A Partial bitstream relocation method to generates source and destination addresses on Field Programmable Gate Arrays. The bitstream from an active source is located and read in a nonintrusive manner, and written to a destination address. The accelerator runs in real time, moving source code on the fly. Code may be altered by mirror inversion for proper placement when necessary.

Description

RELATED APPLICATIONS

This application claims priority to U.S. Provisional Patent Application No. 61/249,071 titled “Accelerated Relocation Circuit” filed on Oct. 6, 2009, which is hereby incorporated herein by reference.

GOVERNMENT LICENSE RIGHTS

The U.S. Government has a paid-up license in this invention and the right in limited circumstances to require the patent owner to license others on reasonable terms as provided for by the terms of NNGO6GE54G awarded by NASA.

FIELD OF THE INVENTION

This invention relates to a method for Partial bitstream relocation on Field Programmable Gate Arrays.

BACKGROUND

Partial bitstream relocation (PBR) on Field Programmable Gate Arrays (FPGAs) is a technique to scale parallelism of accelerator architectures at run time and enhance fault tolerance.

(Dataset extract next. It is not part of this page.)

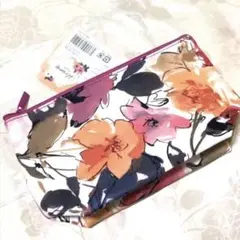 新品　花柄　ポーチ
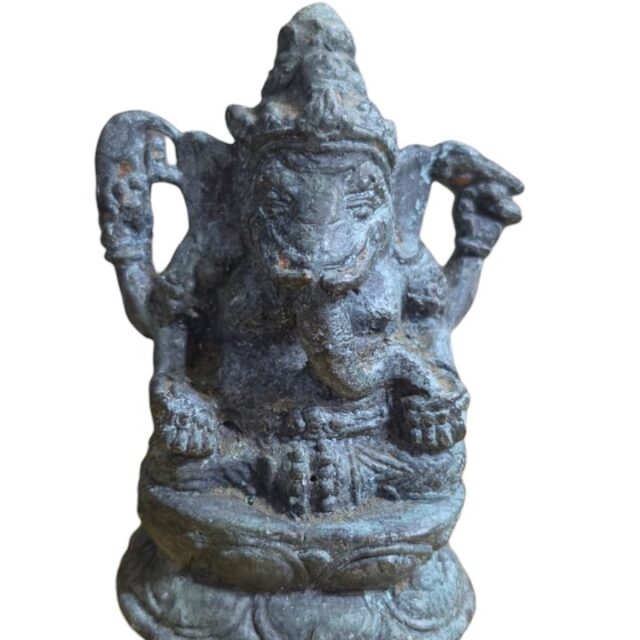 Antiga escultura oriental em metal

PBR techniques have focused on reading inactive bitstreams stored in memory, on-chip or off-chip, whose contents are generated for a specific partial reconfiguration region (PRR) and modified on demand for configuration into a PRR at a different location. As an alternative, we disclose a PRRPRR relocation method to generate source and destination addresses, read the bitstream from an active PRR (source) in a nonintrusive manner, and write it to destination PRR. We describe two embodiments of realizing this on Xilinx Virtex 4 FPGAs: (a) hardware based accelerated relocation circuit (ARC) and (b) a software solution executed on Microblaze. A comparative performance analysis to highlight the speed-up obtained using ARC is presented. Performance realizations of the current embodiments are compared to estimated performances of two state of the art methods.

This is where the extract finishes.